Assigned task:
Apart from the pictures, every entry below should be repeated exactly.

Data listing:

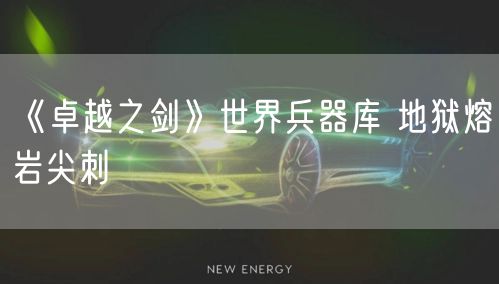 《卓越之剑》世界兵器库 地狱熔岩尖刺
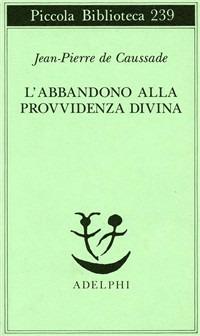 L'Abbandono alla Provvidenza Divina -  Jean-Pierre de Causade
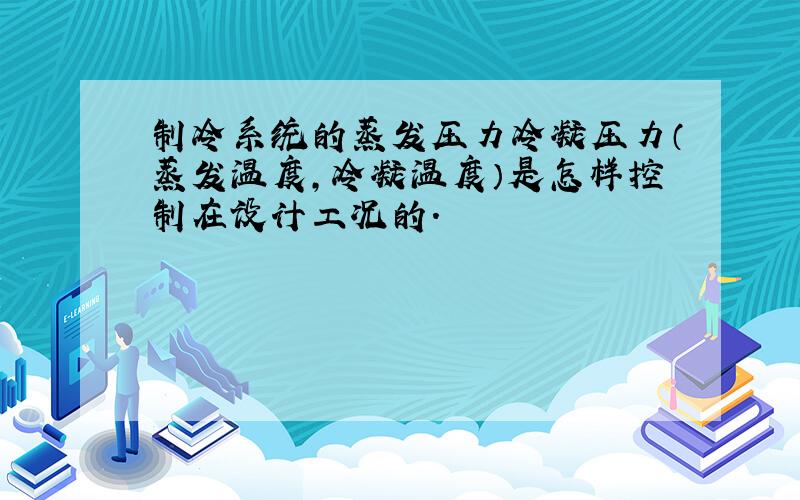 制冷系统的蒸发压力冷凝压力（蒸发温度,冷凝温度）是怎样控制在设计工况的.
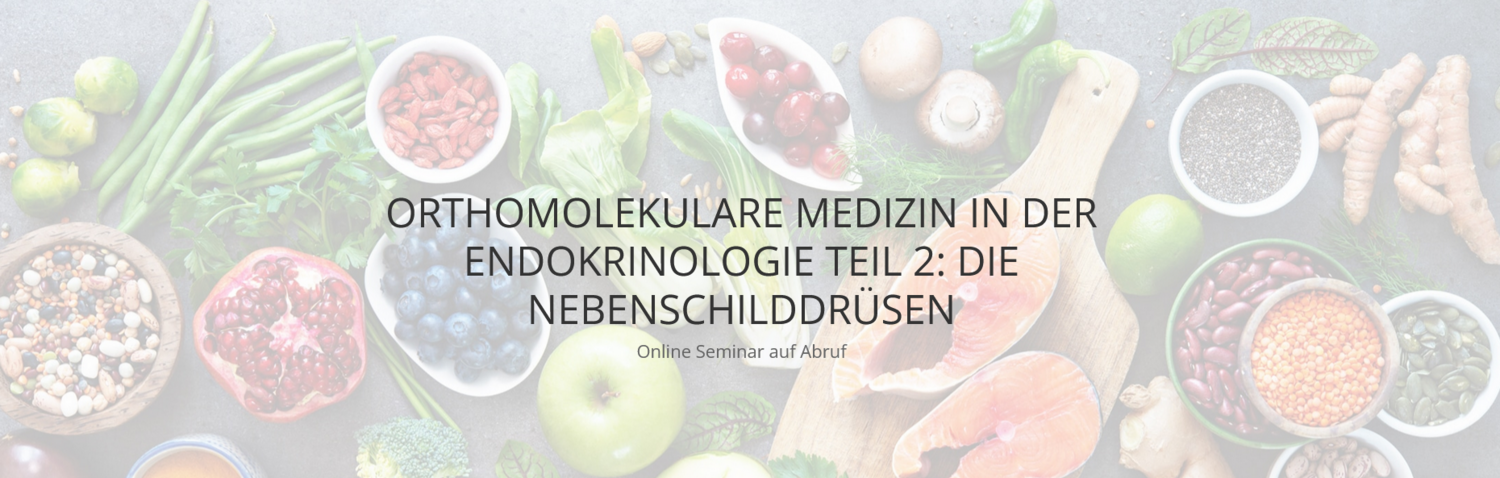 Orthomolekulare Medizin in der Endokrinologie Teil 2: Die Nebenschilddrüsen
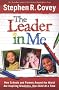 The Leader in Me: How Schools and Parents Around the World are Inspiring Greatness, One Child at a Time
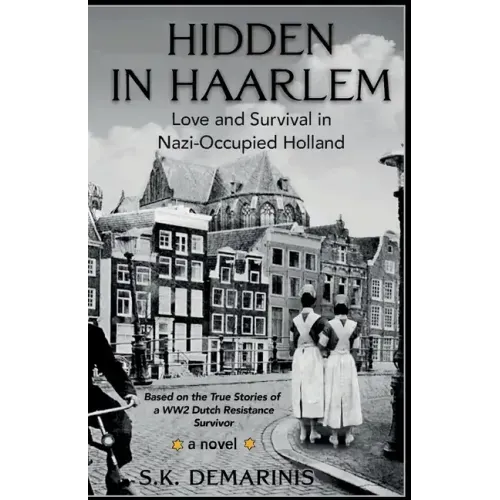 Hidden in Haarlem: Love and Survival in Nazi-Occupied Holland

Task solution:
 《卓越之剑》世界兵器库 地狱熔岩尖刺
 L'Abbandono alla Provvidenza Divina -  Jean-Pierre de Causade
 制冷系统的蒸发压力冷凝压力（蒸发温度,冷凝温度）是怎样控制在设计工况的.
 Orthomolekulare Medizin in der Endokrinologie Teil 2: Die Nebenschilddrüsen
 The Leader in Me: How Schools and Parents Around the World are Inspiring Greatness, One Child at a Time
 Hidden in Haarlem: Love and Survival in Nazi-Occupied Holland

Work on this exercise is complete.